His journey, mirroring that of many other Gaffer Award winners, is a tale of being in the right place at the right time; a little bit of luck; and a lot of hard work. “I’d never even heard of a production manager and I hadn’t thought that people other than the band actually made a living out of touring,” confesses Tony. “But I’ve never had another job, so working with bands was my first job. And hopefully it will be my last.”
Born and raised in Middlesbrough, Tony grew up in a family with teachers as parents: “But nobody in my family was in any way connected with music.”
Leaving school during a time of deep recession, the prospects for teenage Tony were limited. “Unemployment in the north-east of England was really high. My choices were to either move somewhere else, or join the army like my older brother. So I moved to London.”
Jobless and relying on the kindness of friends who had made similar migratory journeys to find work, Tony found himself dossing on people’s floors and couches in west London. His quest to find gainful employment proved tricky, so to repay the favour for his makeshift accommodation, he offered to help his flatmates with their amps and instruments. “I had some friends in a band called Big Boy Tomato, so I’d help them set up their gear,” recalls Tony. And the rest is history…
“A good production manager or a good stage manager is a jack of all trades, master of none”
Despite not being part of any concrete plan, Tony’s voluntary act to become an unpaid stagehand caught the eye of other bands on the punk circuit – a fortuitous move for a man whose favourite band is “a toss up between the Ramones and the Clash.”
“Before I knew it, I was working with other acts like UK Subs and travelling around Europe with them. And because they were punk bands, luckily they didn’t notice I had no musical ability whatsoever, so I kind of got away with it,” laughs Tony. “My favourite band of the moment is Sleaford Mods, so I think it’s fair to say I’m still a punk rocker at heart.”
Although he quickly found himself trading the comfort of a sofa for the ‘glamour’ of life in a splitter van, Tony remained unfazed as he became used to waking up in a new place each day.

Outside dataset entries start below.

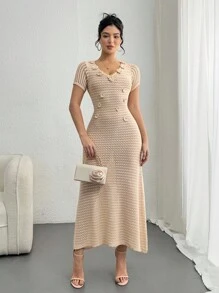 DAZY 3D Floral V-Neck Hollow Out Short Sleeve Dress, Unique Design Women Coverup - Khaki - View 1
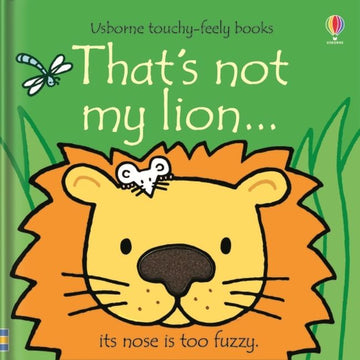 That's Not My Lion... - Handmade Canadian children's book That's Not My Lion with bright green cover and tactile lion illustration, unique gift.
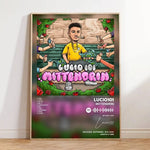 affiche autoadhésive papier moderne personnages mains objets textes stylisés couleurs vives verte rose jaune
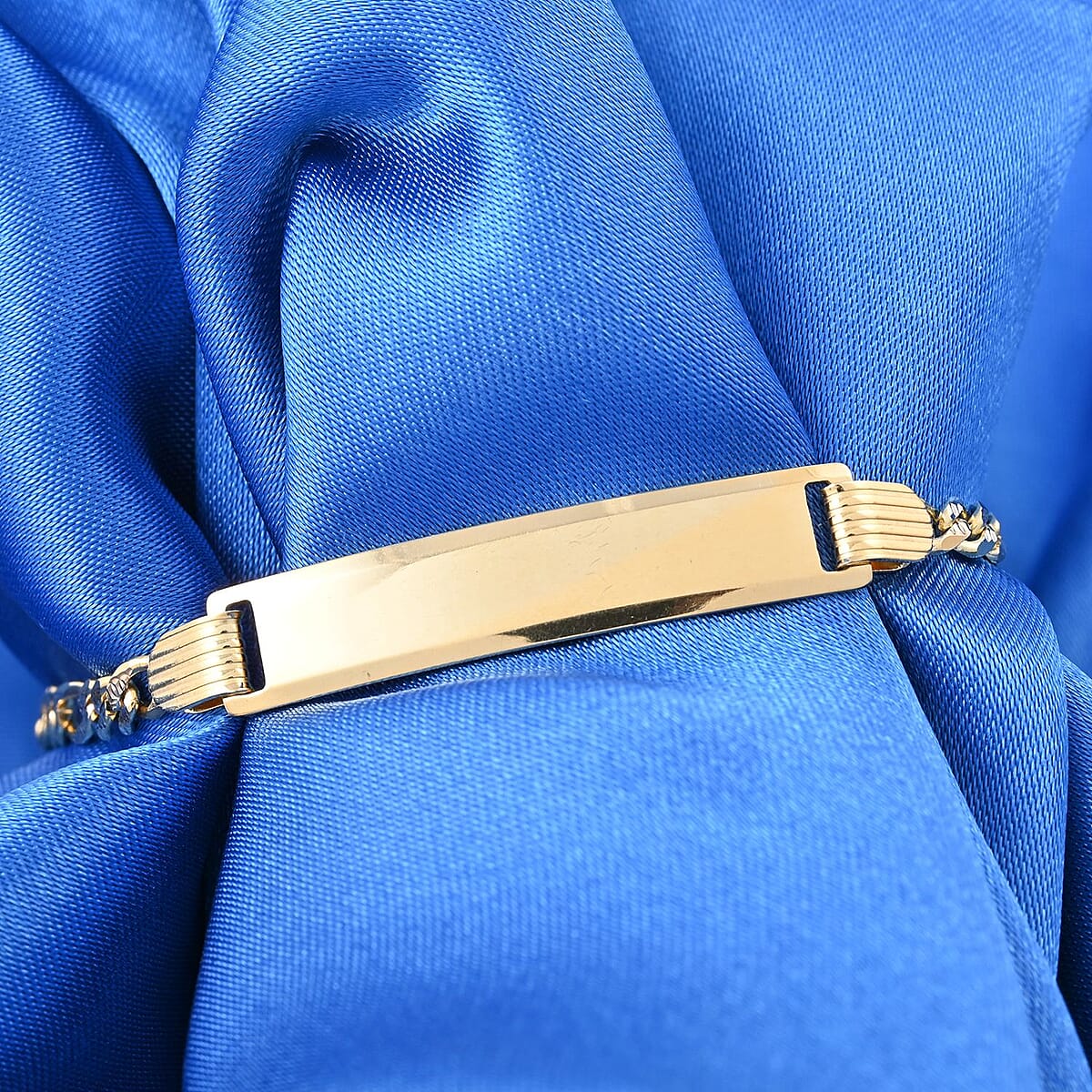 14K Yellow and White Gold 3mm Figaro Pave ID Bracelet (6.00 In) 3.70 Grams image number 1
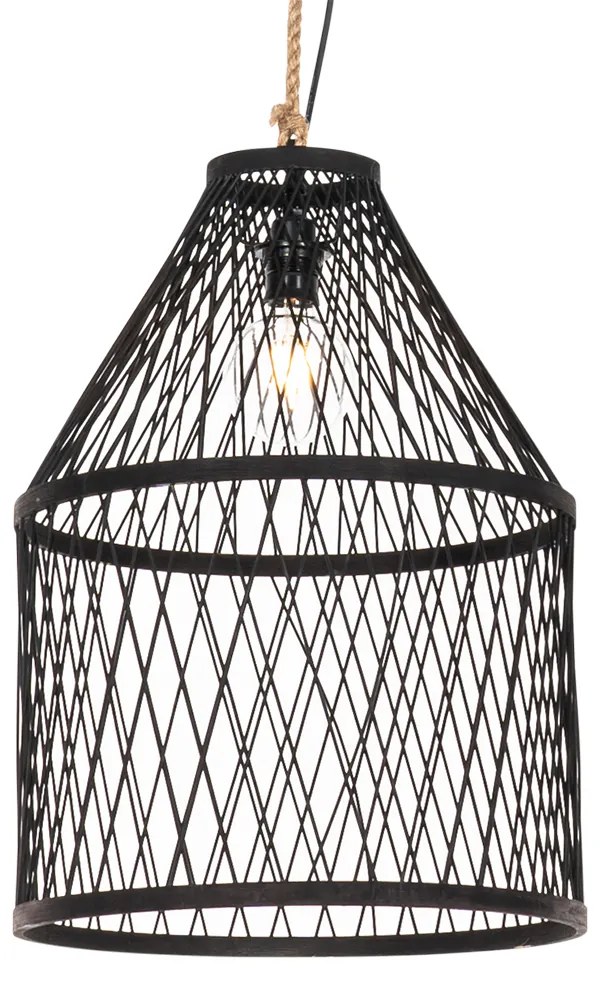 Candeeiro suspenso rural para exterior rattan preto 40x55 cm - Calamus Rústico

He soon realised that he had found a job that was not the 9–5 career that many of his friends had chosen, but which allowed him to have fun with like-minded souls, while travelling to cities that he would never even have thought about otherwise.
Life on the road suited him well, but in an effort to find more regular pay cheques, Tony began working as a stagehand for Stage Miracles. “I started working as local crew – I think my first show was at Wembley Arena,” he says. “I stayed on local crew for about four or five years and then started working on rigging for them, probably for about another five years.”
“I hadn’t thought that people other than the band actually made a living out of touring”
Tony believes that being part of local crew was a crucial ingredient in the recipe for him becoming a well-rounded crew leader. “A good production manager or a good stage manager is a jack of all trades, master of none. But we need to have a good grounding in each department so that we can know what we can ask of people.
“Being at Stage Miracles was massive for me,” he tells IQ. “I was able to learn what local crews do, but I also got an education in working with lights, sound and video, so I was fortunate enough to get an all-round apprenticeship.”
Comparing his schooling to what is happening in today’s production sector, he states, “I’m not so sure that these college and university courses give the grounding and background that you learn by simply being part of a local crew.”
He adds, “One worrying element is that there are now people coming in to the business that do not have the experience of working on tour production. That’s a problem that, if we’re not careful, could result in things getting more dangerous.”